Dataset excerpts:
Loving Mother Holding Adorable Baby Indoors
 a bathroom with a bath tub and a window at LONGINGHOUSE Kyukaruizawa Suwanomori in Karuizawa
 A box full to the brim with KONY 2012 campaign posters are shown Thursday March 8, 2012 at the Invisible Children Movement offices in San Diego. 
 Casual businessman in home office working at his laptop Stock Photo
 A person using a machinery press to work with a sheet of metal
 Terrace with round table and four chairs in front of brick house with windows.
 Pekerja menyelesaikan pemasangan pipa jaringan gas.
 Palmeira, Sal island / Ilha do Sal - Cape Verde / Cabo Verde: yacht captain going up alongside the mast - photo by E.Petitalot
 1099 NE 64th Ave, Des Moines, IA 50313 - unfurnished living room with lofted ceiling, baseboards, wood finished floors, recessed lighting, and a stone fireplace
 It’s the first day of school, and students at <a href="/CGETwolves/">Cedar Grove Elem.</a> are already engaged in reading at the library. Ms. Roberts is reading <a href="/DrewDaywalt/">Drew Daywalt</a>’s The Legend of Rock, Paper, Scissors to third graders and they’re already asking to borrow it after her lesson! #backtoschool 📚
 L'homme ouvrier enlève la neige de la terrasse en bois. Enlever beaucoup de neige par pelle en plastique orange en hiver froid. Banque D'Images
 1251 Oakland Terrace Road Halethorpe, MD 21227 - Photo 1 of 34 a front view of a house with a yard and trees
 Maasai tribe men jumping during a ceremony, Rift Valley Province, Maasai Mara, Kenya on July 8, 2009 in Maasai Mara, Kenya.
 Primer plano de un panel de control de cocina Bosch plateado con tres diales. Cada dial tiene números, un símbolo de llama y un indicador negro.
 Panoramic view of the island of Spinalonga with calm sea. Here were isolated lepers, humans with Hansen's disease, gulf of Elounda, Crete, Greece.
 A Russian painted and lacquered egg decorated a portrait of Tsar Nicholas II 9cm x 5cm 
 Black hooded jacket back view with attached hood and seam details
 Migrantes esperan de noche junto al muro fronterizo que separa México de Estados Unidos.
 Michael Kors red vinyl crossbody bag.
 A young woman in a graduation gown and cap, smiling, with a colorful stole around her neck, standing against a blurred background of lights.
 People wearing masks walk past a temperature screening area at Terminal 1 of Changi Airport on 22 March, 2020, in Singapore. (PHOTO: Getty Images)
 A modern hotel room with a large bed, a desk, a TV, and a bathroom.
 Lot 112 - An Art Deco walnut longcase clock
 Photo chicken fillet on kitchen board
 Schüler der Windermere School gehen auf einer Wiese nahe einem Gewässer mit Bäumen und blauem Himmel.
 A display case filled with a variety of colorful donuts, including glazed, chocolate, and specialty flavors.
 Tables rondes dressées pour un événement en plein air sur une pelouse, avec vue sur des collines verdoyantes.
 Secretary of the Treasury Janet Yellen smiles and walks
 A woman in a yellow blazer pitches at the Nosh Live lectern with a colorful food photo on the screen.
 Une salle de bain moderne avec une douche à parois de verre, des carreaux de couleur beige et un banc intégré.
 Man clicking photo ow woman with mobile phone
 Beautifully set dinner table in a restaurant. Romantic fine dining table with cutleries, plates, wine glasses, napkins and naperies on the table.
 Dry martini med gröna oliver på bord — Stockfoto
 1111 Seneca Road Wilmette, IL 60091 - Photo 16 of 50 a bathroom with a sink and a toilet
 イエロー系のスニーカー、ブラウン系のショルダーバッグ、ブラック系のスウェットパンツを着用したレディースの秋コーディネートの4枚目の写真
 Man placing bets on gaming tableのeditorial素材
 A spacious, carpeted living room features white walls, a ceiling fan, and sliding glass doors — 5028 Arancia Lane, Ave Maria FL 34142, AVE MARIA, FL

Exercise brief - Look through the entries and give the number of lines containing the word "avec". Add nothing else.

Solved exercise - 2